L’uomo lo guardò dubbioso proprio come i primi coloni australiani guardavano i Dodo. Come un qualcosa di già estinto. E fece segno al successivo della fila di avanzare.

Ma non aveva capito che Ernesto, già per aver formulato quella sola domanda, aveva rotto un argine, non solo i coglioni dell’impiegato. Perdere quel treno non era stato vano, perché gli aveva fatto ritrovare la speranza di cambiare il proprio destino.

Speranza destinata ad essere vanificata, lo comprendeva bene anch’egli, eppure quella fiammella, lo sentiva intimamente, sarebbe stata refrattaria ad ogni spegnimento, e lui avrebbe fatto del tutto per proteggerla, da quel momento in poi, avendo cura di tenere sempre la mano a parare il soffio del vento. Tutto per una coincidenza persa.

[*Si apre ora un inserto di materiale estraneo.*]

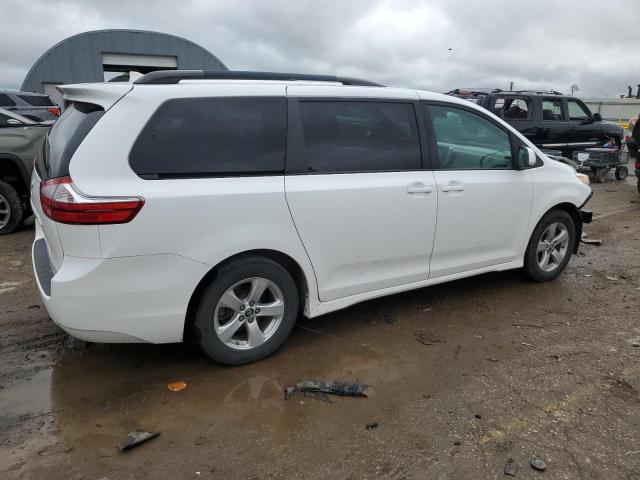 Toyota Sienna Le Image 2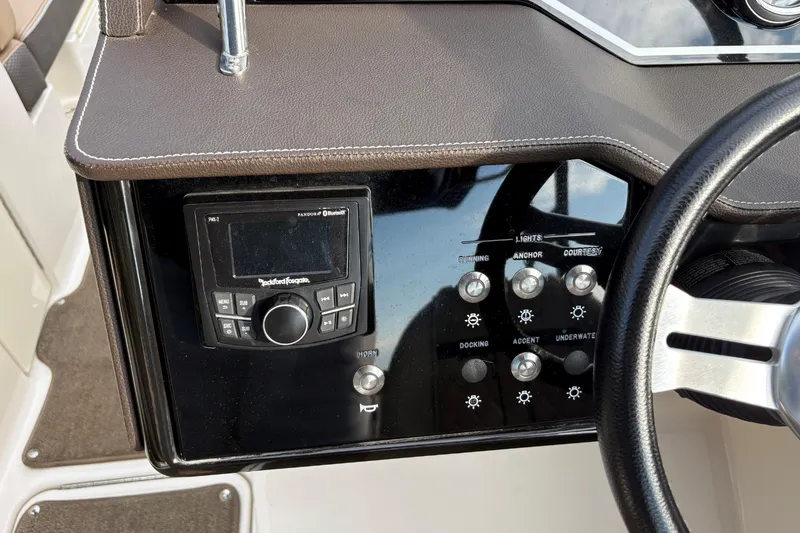 Slide: The Image of Sea Ray 230 SLX 2017 - 11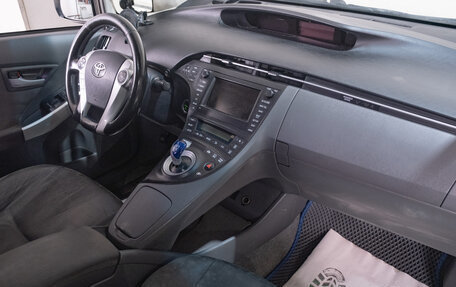 Toyota Prius, 2009 год, 939 000 рублей, 18 фотография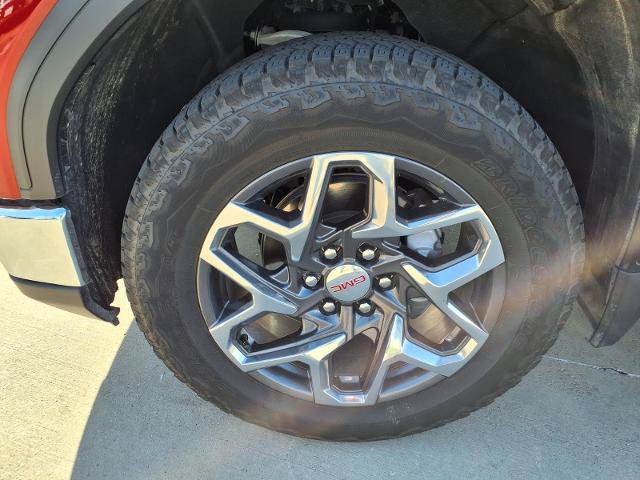 Used 2026 GMC Sierra 1500 SLT RWD image 21
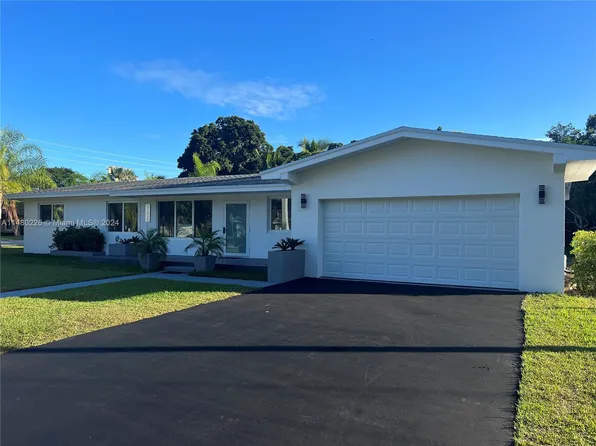 9200 SW 174th St, Palmetto Bay, FL 33157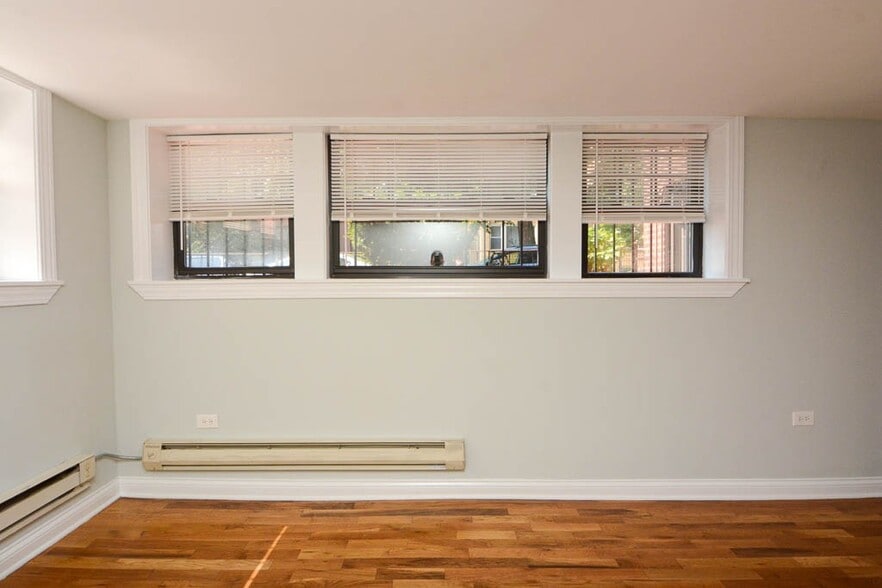 Building Photo - 4242 N Wolcott Ave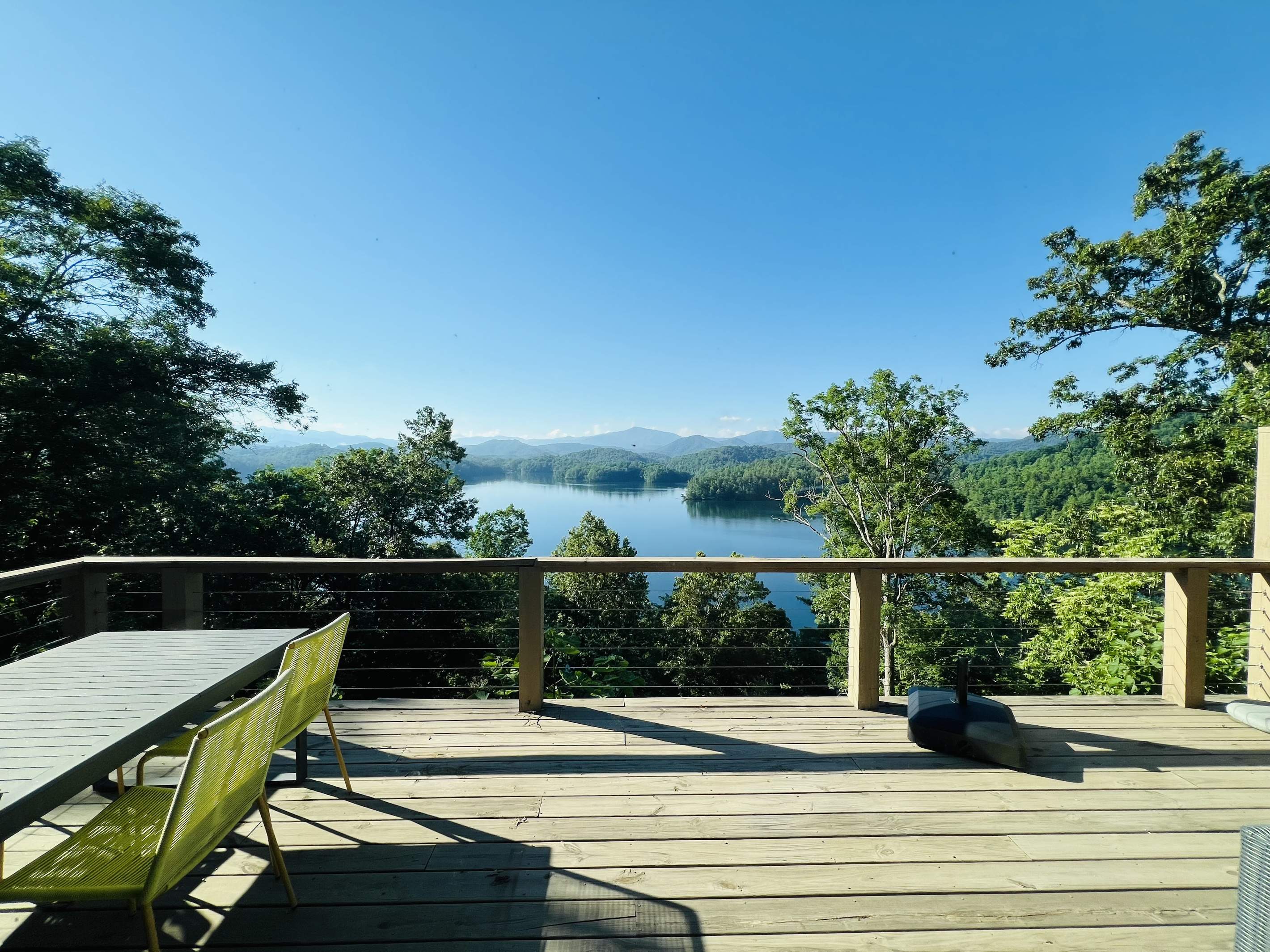 This deck was made for slow mornings, sunset dinners, and everything in between. 🌿🏔️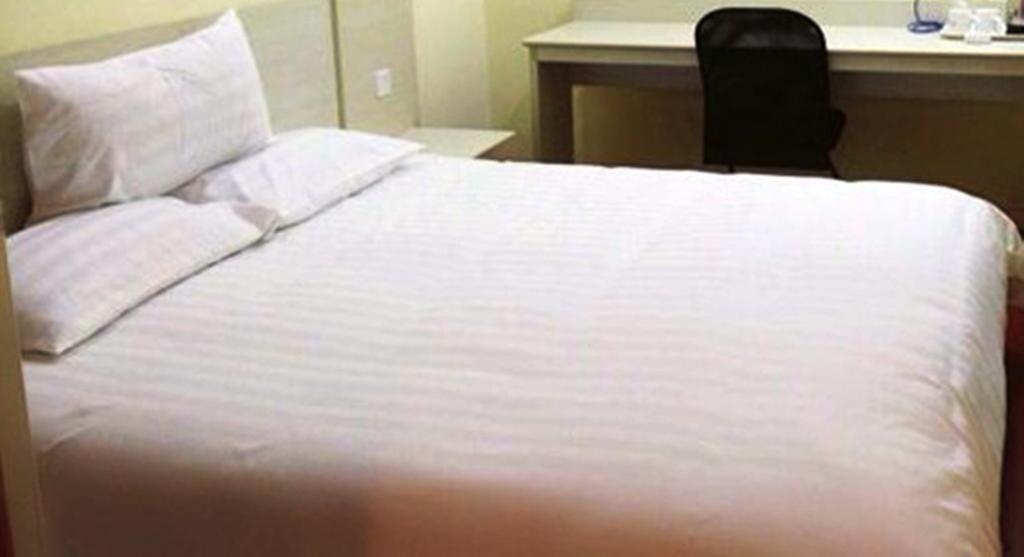 Greentree Inn Shanghai West Huaxia Road Metro Station Express Hotel Екстериор снимка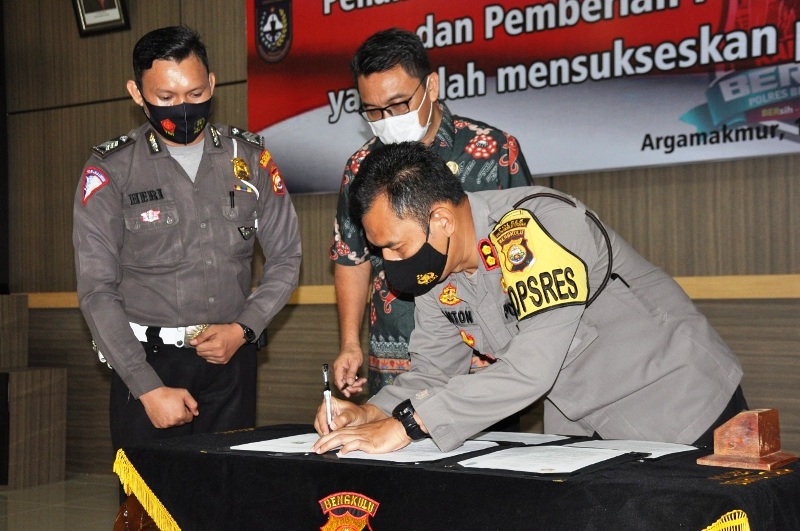 Polres BU Teken MoU Dispendik dan Berikan Reward Desa Sukseskan Louching Kampung Berseri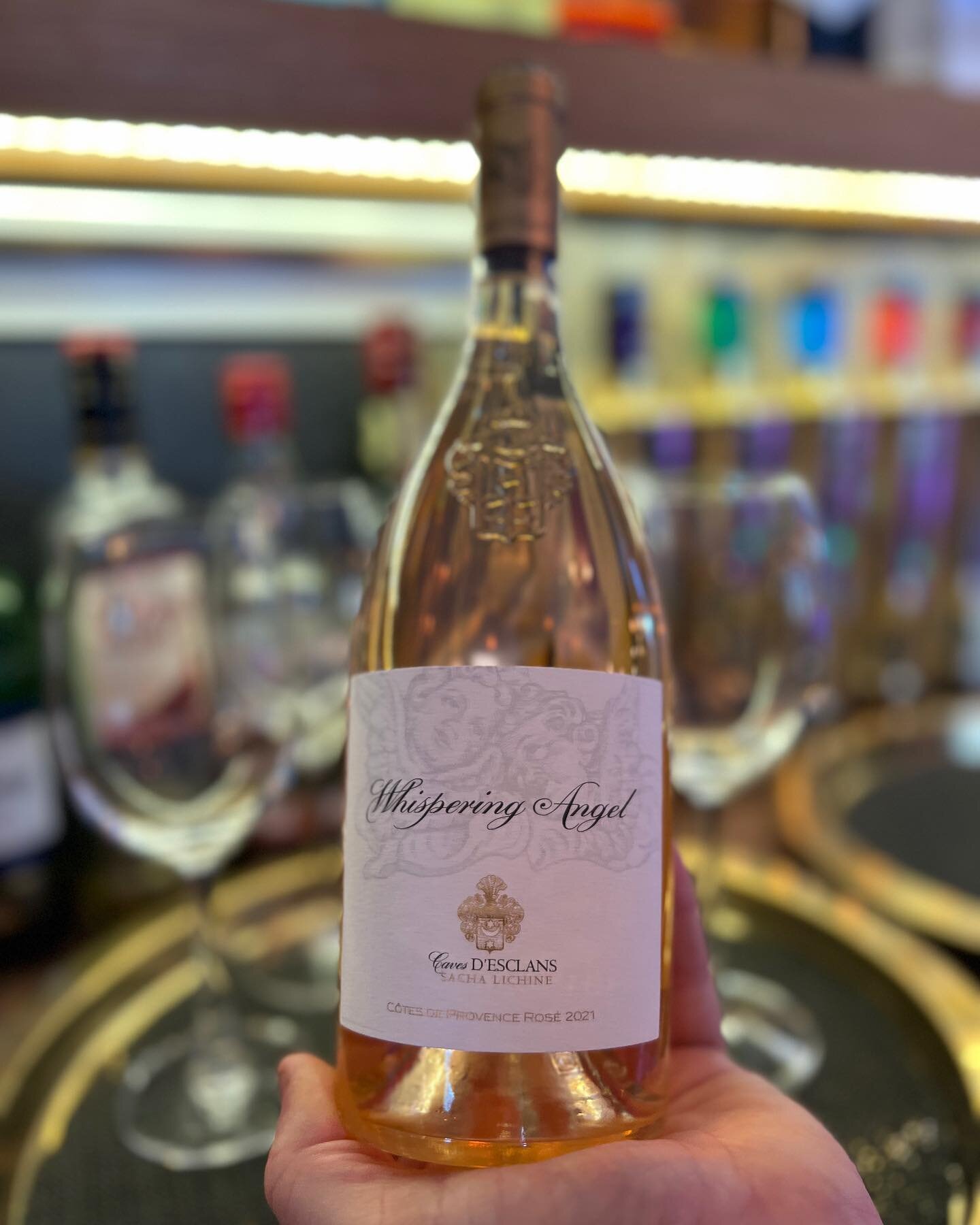 Ros&eacute; everyday 😍

Perfect summer drink, although the sun doesn&rsquo;t have to be shining to enjoy a glass of this Whispering Angel Ros&eacute;. 💖

Flavours: Grapefruit and citrus combine with a wonderfully refreshing acidity. 

#thedaffodili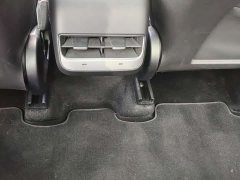 Tesla Model Y Rear-Wheel Drive - ფოტო 10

Che coincidenza, pensò. E rise, come non faceva da tempo. Mentre una signorina con tutta l’aria di essere di buona famiglia, gli si avvicinò, forse per chiedere un’informazione o solo per scambiare due chiacchiere in attesa del prossimo treno. “Ernesto, mi chiamo Ernesto”, le disse, inconsciamente capendone l’importanza.

Lei, che non gli aveva ancora rivolto alcuna domanda, sorrise divertita.

“Ho perso il treno”, gli disse, “quello appena partito”.

Era destino, allora, che ci incontrassimo”, rispose fiero Ernesto.